Damn her body and its inability to hold a grudge. She’d prefer not to skim her gaze over his tanned skin and want to touch him so badly. She didn’t want to yearn to slip her fingers between the buttons of his shirt and feel that chest that seemed even more robust and heavily muscled now than it had been when he was twenty-one.
“Think you might want to put your eyes back on the road?” Ben bit out.
Sara swerved before bringing the car back under control. “I…uh…you’re getting sunburned. On your forehead.”
Ben sat up straighter in his seat. His traitorous cock couldn’t even handle the idea that Sara might have been staring at him with something like desire in her eyes. Not likely, you idiot, he told his penis. Down, boy.
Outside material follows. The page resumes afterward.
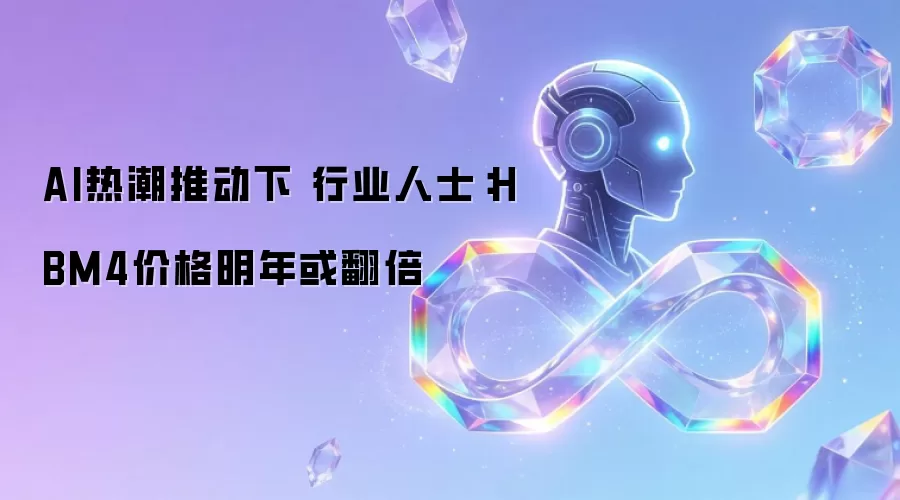 AI热潮推动下 行业人士：HBM4价格明年或翻倍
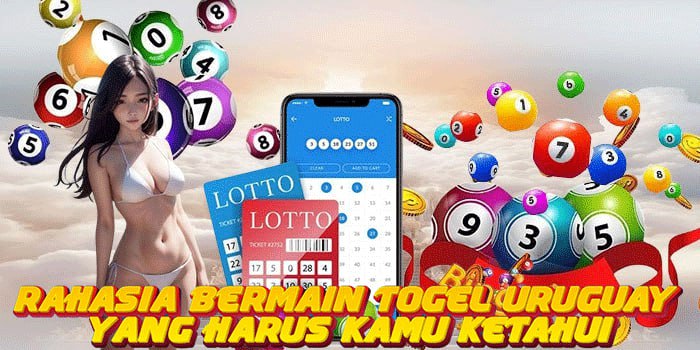 Rahasia Bermain Togel Uruguay Yang Harus Kamu Ketahui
But she’s mine, Big P said. But she wasn’t his. She’d made that abundantly clear. And damn her, how many other women could get him actually conversing with his dick? This weekend with her was a fucking horrible idea, even if he intended to make the most of it by teaching her a lesson.
“Are you worried about me, Sara? Aww…how sweet.” Then he couldn’t help but mumble, “Yeah right.”
“No. I stopped worrying long ago. Now I’m just waiting for you to die young of a heart attack in a supermodel sex orgy in some foreign country that you probably own half of.”
“Wow. Why don’t you tell me how you really feel?”
Her lips thinned, and she shanked him with a hard glance. “Trust me. You don’t want to know.”
He shook his head. Un-fucking-believable. “Is fun against the law in your universe? That’s not exactly the girl I remember. You used to laugh. Smile even.”
“There’s more to life than fun.”
“Yeah. There are numbers to crunch. To-do lists to conquer. By the way, congratulations on your engagement. Is that number three or four?”
Her nostrils flared. “It was number two, asshole.”
“Was? Oh, right. You called it off. Figures. I bet the professor wasn’t perfect enough for you.”
In fact, the man wasn’t good enough for Sara by a long shot. Another stodgy academic type. This one, head of economics at NYU. He would have killed what was left of Sara’s spirit—the spirit Ben hoped was still alive somewhere in that tightly regulated control-center brain of hers.
She narrowed her eyes and cast a quick glance at him. “Are you keeping tabs on me, Ben?”
Always have. And I wish I could stop. “Don’t flatter yourself. Kyle talks. I try not to listen.”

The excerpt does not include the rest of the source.